PHOTO: EFAC Council members who met in Nairobi in November

By Vinay Samuel and Chris Sugden

That it is re-emerging with global participation and recognition among clergy and lay leaders in national groups indicates where apostolic succession truly lies -- in the faith deposit entrusted to the people of God. For the news that EFAC was starting up again was met with instant brand recognition and welcome from evangelical Anglicans around the world.

This tells us that evangelical Anglicanism is a grassroots movement, a representation of the priesthood of all believers. EFAC has not been revived by bishops or hierarchies, though some have been consulted, but by people of God concerned to continue faithful biblical witness in and through the Anglican Communion.


As we view the scandals in the Roman Catholic Church, and the way many in the CofE hierarchy are crumbling under the incessant pressure of Western culture to abandon any form of Christian sexual morality (witness the latest Ad Clerum* from the bishops in Oxford diocese), we have to conclude that hierarchical leadership has some serious flaws.

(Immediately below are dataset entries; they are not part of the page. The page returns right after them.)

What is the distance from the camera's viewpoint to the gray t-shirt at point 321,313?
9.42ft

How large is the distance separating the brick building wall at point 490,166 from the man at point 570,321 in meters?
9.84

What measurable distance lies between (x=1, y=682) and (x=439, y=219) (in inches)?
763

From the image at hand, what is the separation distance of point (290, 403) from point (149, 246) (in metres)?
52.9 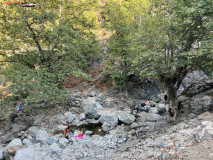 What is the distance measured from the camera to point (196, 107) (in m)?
11.1

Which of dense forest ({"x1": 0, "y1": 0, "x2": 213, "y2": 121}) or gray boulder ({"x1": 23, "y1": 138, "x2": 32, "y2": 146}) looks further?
gray boulder ({"x1": 23, "y1": 138, "x2": 32, "y2": 146})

Because hierarchies are accountable to no one but themselves, they are vulnerable to the pressure to hide, protect and perpetuate incompetent and even sexually abusive leaders. They collapse under the pressure of culture change. Thus bishops in many parts of the Anglican Communion have proved unable to protect the entire church or faithful people both from the depredations of immoral people and the promotion of unbiblical teaching on sexuality.

Apostolic succession

The sleight of hand that keeps hierarchies in power in churches of the Catholic tradition is the confusion of the notion of apostolic succession with the hierarchical succession of leaders. The question for the Anglican Communion is whether commitment to the apostolic deposit of faith means a commitment to a hierarchical leadership structure.

For over 40 years evangelicals in the Church of England have prayed and campaigned for greater representation in the House of Bishops. But what has happened to those evangelicals so placed in those positions? The culture of the house is so powerful that some have abandoned their earlier commitment to biblical orthodoxy and even become standard bearers for revisionist teaching; others have sought to maintain their own orthodoxy, but without obvious influence over the House as a whole; and others have resigned their posts early out of frustration.

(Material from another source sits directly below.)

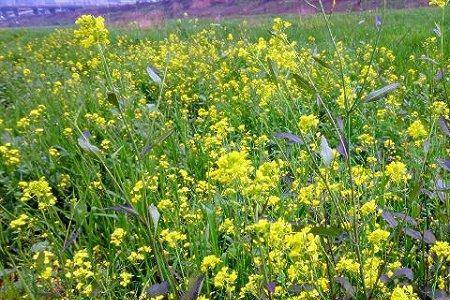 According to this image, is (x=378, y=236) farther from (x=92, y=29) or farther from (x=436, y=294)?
(x=92, y=29)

The role of Canterbury is that it has not just a hierarchical position, but also a spiritual capital to use and distribute based on its historical role and heritage.

But Christian capital is not with those who have a place in some esoteric succession, but the capital of the Scriptures and faithful ministry based on it by all believers. So evangelical capital has remained with people in local situations who have maintained the faith, tested and tried.

EFAC -- a grassroots movement

It has been necessary for GAFCON to operate through a hierarchical leadership structure to secure the adherence of whole provinces such as Nigeria and Uganda, or dioceses such as Sydney, to a new entity in the Communion. However a hierarchical structure on its own cannot ensure theological resilience. What is needed is grass-roots evangelicals in parishes engaging in faithful biblically-rooted mission who have a flat leadership style that enables all the people of God to exercise their gifts in ministry, and be far more than a congregation coming to listen to a gifted preacher or take part in an inspiring liturgy.
This is what EFAC is all about: fellowship groups committed to evangelical belief and therefore to that extent ideological, but without power, and providing solidarity and mutual support against the cultural assault on the gospel and societal sin. They can also be cultural action groups addressing the cultural changes colluded with or even enforced by the hierarchy since they are where culture is lived and not dictated or merely analysed.